The overall aim of the present paper is to discuss the role of tax regimes and the optimality of tax policy for the assessment of public projects, and to shed light on previous contributions from this perspective. Despite being a long-standing and central issue in public finance, the issue of what is the most appropriate approach to determine the provision level of public goods financed by taxes appears to be an unresolved one. While for many years the famous Samuelson rule (Samuelson, 1954) was the prevailing guide to public good provision, recognition of inevitable tax distortions has added considerable complexity. The standard argument is that taxes levied to finance public goods will inflict a loss of efficiency on society by inducing behavioral responses that are socially inefficient, even if privately rational. This is a social cost that must be added to the cost in terms of resources needed to produce the public good. A popular statement is that the tax payers will incur a loss of private income that exceeds the revenue raised by the tax collector. There is a marginal cost of public funds exceeding unity. (1) This story can be extended and modified along several dimensions. Firstly, it has been noted that the provision of public goods may itself induce behavioral responses that may alleviate, but could also aggravate, the tax distortions, as highlighted for instance in Atkinson and Stem (1974). (2) Secondly, it has been pointed out that it is inappropriate to neglect distributional effects as the reason why distortionary taxes are deployed in the first place is that redistribution is pursued subject to asymmetric information or other constraints that rule out person-specific lump-sum taxes.

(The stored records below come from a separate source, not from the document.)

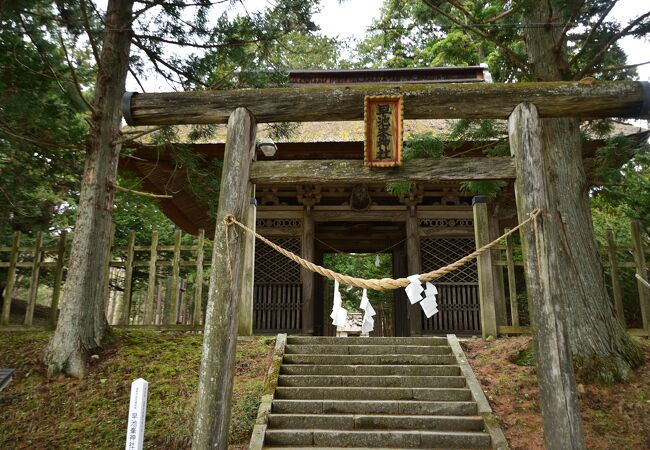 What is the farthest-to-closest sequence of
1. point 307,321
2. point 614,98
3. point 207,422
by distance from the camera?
point 307,321 → point 614,98 → point 207,422

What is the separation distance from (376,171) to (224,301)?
173cm

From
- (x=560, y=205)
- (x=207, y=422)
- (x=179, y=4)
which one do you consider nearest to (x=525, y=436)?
(x=560, y=205)

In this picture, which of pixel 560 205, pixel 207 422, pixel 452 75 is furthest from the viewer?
pixel 452 75

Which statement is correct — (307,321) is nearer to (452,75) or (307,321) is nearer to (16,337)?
(16,337)

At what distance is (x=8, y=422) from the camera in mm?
5121

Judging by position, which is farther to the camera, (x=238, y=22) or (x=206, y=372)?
(x=238, y=22)

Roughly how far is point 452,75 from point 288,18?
803 cm

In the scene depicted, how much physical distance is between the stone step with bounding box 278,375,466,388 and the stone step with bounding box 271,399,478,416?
456mm

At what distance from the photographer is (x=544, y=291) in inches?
139

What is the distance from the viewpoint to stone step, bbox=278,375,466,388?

The various arguments above have been nicely integrated in the cost-benefit approach of Slemrod and Yitzhaki (2001). This is based on four concepts, two on the cost side and two on the benefit side. On the cost side, a marginal efficiency cost of public funds (MECF) is defined as the aggregate loss of private income per unit of public revenue, and a distributional characteristic ([DC.sub.c]) is defined as the weighted average of the social evaluation of the marginal utility of income, weighted by the share of each individual in the burden of raising the tax revenue. On the benefit side, a marginal efficiency benefit of the public project (MEBP) is defined as the monetary value to the individuals per additional dollar spent by the government, and a distributional characteristic ([DC.sub.b]) is defined as the welfare-weighted average of the individuals' shares in the total benefit. The cost-benefit rule requires that [DC.sub.c] x MECF be equated to [DC.sub.b] x MEBP. (3)

While there is a lot to be said for this elegant social welfare approach, its disadvantage is that it requires access to a detailed social welfare assessment. Beyond the knowledge required by the Samuelson rule and information on behavioral responses, there is a need to know the social welfare weights to be assigned to the respective agents. The latter is information that is not readily available to the cost-benefit analysts. In this paper I want to argue, in the spirit of the Samuelson rule, that the Pareto efficiency criterion in many cases should be considered as an alternative to the Slemrod and Yaitzhaki (2001) approach to determine the public good provision. Which approach is the more appropriate one should be determined by the available tax regime. I will distinguish between "rich" tax regimes, which are capable of preserving the utility levels of all groups when there is an increase in the public provision (permitting any change in tax revenue), (4) and "restrictive" tax regimes, which are not. (5) The key argument is that when a rich tax regime is available, the cost-benefit analyst can appeal to the Pareto-principle, as does the Samuelson rule, rather than a social welfare objective.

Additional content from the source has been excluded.